[Stored items from a collection]
-=-=-=-=-
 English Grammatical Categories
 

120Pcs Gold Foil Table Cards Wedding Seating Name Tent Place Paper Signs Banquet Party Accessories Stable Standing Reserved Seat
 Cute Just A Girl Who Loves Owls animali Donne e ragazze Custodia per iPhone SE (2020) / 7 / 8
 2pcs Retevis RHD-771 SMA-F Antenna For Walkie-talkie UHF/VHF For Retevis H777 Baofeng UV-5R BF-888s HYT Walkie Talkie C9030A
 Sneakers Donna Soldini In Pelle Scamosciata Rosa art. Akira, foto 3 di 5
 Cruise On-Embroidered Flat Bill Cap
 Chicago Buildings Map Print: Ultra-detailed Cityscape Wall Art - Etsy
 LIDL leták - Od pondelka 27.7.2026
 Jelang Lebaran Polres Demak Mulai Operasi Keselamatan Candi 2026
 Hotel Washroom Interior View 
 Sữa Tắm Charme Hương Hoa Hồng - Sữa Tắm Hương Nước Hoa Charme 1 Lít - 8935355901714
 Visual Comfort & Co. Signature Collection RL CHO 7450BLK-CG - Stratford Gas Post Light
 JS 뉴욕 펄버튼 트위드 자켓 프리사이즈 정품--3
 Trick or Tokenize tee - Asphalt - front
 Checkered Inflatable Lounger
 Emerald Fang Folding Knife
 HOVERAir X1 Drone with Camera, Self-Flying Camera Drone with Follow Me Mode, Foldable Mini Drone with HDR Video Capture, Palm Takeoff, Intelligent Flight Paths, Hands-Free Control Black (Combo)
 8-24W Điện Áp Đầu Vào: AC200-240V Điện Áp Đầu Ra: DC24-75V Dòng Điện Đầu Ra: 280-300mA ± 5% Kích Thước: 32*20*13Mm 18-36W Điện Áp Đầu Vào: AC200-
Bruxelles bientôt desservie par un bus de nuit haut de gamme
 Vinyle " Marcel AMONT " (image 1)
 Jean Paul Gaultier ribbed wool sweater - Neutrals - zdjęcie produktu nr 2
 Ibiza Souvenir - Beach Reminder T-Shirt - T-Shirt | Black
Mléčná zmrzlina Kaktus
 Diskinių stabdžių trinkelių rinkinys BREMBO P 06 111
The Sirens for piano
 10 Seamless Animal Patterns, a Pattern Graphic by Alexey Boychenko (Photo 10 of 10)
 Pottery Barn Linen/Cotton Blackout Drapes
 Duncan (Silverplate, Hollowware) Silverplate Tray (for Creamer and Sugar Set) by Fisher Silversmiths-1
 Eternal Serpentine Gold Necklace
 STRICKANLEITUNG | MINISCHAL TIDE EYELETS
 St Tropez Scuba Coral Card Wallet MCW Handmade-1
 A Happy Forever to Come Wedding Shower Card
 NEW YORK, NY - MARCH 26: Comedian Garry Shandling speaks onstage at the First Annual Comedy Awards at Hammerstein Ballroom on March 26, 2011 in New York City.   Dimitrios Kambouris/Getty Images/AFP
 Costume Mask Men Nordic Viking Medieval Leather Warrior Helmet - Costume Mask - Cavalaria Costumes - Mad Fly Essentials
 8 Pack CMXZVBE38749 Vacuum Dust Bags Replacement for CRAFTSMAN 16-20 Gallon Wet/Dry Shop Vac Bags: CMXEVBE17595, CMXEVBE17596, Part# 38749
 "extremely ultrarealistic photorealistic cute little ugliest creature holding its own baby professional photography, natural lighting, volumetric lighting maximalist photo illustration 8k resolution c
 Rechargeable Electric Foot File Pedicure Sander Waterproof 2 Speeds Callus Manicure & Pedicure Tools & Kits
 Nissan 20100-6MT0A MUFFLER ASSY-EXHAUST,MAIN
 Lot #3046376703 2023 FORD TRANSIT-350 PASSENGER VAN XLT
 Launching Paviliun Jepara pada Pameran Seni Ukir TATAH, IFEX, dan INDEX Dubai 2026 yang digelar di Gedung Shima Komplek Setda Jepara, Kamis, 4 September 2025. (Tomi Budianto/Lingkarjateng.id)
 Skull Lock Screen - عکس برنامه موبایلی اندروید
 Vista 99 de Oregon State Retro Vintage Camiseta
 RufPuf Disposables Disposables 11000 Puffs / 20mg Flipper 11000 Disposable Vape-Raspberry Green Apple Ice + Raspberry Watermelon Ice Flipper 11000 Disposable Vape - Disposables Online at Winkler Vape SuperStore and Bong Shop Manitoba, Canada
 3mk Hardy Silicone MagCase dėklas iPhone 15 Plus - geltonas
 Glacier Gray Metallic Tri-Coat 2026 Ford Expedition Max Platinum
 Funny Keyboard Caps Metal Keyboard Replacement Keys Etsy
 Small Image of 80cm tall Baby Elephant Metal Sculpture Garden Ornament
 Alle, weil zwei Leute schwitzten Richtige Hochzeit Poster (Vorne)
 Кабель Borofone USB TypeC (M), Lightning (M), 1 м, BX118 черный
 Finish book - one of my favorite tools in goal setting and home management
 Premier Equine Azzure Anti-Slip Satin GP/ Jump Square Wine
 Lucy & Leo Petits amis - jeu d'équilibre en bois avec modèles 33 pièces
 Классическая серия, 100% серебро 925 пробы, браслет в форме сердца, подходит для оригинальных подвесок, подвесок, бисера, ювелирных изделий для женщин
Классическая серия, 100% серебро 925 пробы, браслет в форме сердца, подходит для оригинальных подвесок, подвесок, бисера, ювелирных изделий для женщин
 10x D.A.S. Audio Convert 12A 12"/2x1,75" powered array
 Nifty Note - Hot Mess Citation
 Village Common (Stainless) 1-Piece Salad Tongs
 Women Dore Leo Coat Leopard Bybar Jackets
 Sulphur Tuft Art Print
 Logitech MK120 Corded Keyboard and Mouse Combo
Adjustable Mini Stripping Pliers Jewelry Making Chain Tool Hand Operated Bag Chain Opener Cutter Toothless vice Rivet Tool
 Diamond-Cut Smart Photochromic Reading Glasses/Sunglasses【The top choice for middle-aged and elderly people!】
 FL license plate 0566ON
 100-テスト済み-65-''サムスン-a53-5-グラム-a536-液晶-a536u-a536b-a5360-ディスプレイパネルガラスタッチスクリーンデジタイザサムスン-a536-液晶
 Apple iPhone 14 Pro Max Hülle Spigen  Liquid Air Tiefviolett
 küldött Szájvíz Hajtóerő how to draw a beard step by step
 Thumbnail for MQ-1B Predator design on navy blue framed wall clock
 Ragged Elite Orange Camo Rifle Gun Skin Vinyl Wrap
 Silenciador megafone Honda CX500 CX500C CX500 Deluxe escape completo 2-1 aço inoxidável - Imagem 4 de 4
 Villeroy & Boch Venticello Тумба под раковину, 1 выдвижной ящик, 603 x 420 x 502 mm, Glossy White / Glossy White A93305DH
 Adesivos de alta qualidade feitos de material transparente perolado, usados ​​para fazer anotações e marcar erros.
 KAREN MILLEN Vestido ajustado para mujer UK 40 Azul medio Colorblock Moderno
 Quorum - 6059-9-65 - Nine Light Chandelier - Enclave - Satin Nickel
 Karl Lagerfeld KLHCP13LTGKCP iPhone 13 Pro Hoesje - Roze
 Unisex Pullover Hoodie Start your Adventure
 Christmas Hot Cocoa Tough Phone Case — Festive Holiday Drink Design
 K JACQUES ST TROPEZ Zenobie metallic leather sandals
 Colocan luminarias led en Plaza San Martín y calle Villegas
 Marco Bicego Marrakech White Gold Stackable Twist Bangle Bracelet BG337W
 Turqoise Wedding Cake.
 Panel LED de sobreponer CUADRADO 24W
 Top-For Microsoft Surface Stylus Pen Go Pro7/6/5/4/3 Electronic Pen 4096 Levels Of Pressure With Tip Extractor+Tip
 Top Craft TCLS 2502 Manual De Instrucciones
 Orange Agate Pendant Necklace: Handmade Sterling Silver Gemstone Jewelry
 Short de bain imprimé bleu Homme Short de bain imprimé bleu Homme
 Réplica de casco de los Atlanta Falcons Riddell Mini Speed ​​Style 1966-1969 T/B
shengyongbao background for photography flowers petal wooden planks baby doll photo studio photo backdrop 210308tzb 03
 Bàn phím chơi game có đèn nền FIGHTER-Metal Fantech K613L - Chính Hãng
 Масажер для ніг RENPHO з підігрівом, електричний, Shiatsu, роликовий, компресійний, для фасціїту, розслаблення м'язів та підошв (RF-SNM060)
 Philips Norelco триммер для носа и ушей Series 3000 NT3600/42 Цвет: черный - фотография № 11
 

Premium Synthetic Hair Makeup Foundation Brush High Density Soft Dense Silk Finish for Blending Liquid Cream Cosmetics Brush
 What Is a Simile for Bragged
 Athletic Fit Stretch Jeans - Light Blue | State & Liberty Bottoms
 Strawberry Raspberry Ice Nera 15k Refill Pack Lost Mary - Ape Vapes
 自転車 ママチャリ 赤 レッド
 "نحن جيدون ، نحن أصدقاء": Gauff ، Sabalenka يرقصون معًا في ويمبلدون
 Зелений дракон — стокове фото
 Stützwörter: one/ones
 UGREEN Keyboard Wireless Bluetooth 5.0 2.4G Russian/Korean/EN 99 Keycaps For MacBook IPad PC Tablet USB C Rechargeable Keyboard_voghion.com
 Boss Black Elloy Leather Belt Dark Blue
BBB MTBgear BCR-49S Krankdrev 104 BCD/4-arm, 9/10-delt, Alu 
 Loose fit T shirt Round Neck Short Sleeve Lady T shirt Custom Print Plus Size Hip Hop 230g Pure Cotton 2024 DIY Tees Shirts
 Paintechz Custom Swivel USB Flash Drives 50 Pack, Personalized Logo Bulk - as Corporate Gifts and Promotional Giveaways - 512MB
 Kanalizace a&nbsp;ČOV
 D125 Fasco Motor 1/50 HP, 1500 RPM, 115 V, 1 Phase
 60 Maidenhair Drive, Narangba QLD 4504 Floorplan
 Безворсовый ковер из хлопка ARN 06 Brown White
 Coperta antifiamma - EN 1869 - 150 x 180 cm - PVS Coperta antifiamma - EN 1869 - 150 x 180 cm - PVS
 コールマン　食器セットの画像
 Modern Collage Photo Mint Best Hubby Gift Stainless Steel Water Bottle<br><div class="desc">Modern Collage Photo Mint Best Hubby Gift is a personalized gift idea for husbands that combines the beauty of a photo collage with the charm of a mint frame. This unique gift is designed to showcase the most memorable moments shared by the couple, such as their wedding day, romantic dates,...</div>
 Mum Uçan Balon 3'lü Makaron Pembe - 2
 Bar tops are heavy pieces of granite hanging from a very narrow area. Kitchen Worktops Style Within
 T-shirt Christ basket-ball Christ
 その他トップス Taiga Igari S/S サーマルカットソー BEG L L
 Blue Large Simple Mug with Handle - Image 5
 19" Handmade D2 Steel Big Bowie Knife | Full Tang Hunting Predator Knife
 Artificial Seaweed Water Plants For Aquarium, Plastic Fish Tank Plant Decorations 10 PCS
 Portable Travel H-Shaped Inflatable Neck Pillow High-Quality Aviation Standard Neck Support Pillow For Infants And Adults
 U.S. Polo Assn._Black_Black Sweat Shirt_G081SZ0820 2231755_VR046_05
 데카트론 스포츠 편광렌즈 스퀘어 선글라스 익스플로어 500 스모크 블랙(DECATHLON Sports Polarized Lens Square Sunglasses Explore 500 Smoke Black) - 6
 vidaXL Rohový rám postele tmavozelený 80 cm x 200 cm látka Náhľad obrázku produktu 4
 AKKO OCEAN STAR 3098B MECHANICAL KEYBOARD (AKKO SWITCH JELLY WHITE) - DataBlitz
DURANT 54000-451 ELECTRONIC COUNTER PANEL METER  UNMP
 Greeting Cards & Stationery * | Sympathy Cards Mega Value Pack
-=-=-=-=-
■ Work order
Give back, word for word, only the lines above from the line holding "Sữa Tắm Charme" to the line holding "Mléčná zmrzlina Kaktus", both included.

■ Answer section
 Sữa Tắm Charme Hương Hoa Hồng - Sữa Tắm Hương Nước Hoa Charme 1 Lít - 8935355901714
 Visual Comfort & Co. Signature Collection RL CHO 7450BLK-CG - Stratford Gas Post Light
 JS 뉴욕 펄버튼 트위드 자켓 프리사이즈 정품--3
 Trick or Tokenize tee - Asphalt - front
 Checkered Inflatable Lounger
 Emerald Fang Folding Knife
 HOVERAir X1 Drone with Camera, Self-Flying Camera Drone with Follow Me Mode, Foldable Mini Drone with HDR Video Capture, Palm Takeoff, Intelligent Flight Paths, Hands-Free Control Black (Combo)
 8-24W Điện Áp Đầu Vào: AC200-240V Điện Áp Đầu Ra: DC24-75V Dòng Điện Đầu Ra: 280-300mA ± 5% Kích Thước: 32*20*13Mm 18-36W Điện Áp Đầu Vào: AC200-
Bruxelles bientôt desservie par un bus de nuit haut de gamme
 Vinyle " Marcel AMONT " (image 1)
 Jean Paul Gaultier ribbed wool sweater - Neutrals - zdjęcie produktu nr 2
 Ibiza Souvenir - Beach Reminder T-Shirt - T-Shirt | Black
Mléčná zmrzlina Kaktus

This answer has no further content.